This issue of Perkins+Will Research Journal includes four articles focusing on different research topics, including building envelope-integrated thermal actuators, a wellness approach for designing healthcare environments, design of emergency rooms that supports behavioral health, and methods for achieving Passive House Standard in school buildings.
“Natural Harmony: Designing with Thermal Actuators” discusses prototype building and an experimental study of a novel building envelope-integrated system that responds to environmental conditions. The system includes thermal-actuating pistons, and the prototype was constructed using laser cutting, 3D printing and metalworking. Its performance was evaluated using sensors, where loggers were used to monitor temperature in a skylight application. The results indicate that this system shows a promise for controlling ventilation, daylight and heat gain in a semi-passive approach.
“Patient-Population Based Design: A Wellness Approach for Designing Healthcare Environments” considers how wellness can be one of the driving considerations in the design of healthcare facilities. The article provides a literature review, and outlines a needs assessment matrix as a practical tool for design professionals. The matrix has been applied in a case study, and the article discusses redesign of a clinic for a specific patient population.

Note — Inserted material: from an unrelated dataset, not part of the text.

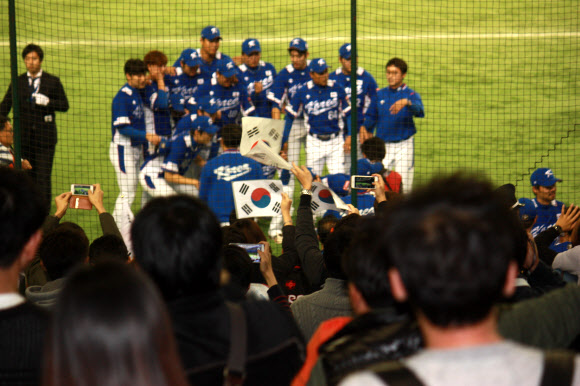 프리미어 12 우승…선수들과 기쁨 함께 하는 한국팬들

“A protectED Room: Design of Responsive and Acuity Adaptable Behavioral Health Room for Emergency Departments” presents methods for designing emergency department rooms that support behavioral health services. The research included a qualitative study, literature review, historical review of behavioral health facilities, observational study of existing facilities, and design of a new model for emergency rooms that addresses patients’ medical and behavioral health needs.
“Comparing and Adapting Pitt River School to the Passive House Standard” discusses a recently built school building as a case study. The article analyzes target metrics associated with the Passive House requirements, characteristics of this school project, and design changes that would need to be implemented to achieve the standard. Specifically, overlap of BIM and Passive House energy modeling process are presented, as well as the impact of thermal bridging and building envelope components.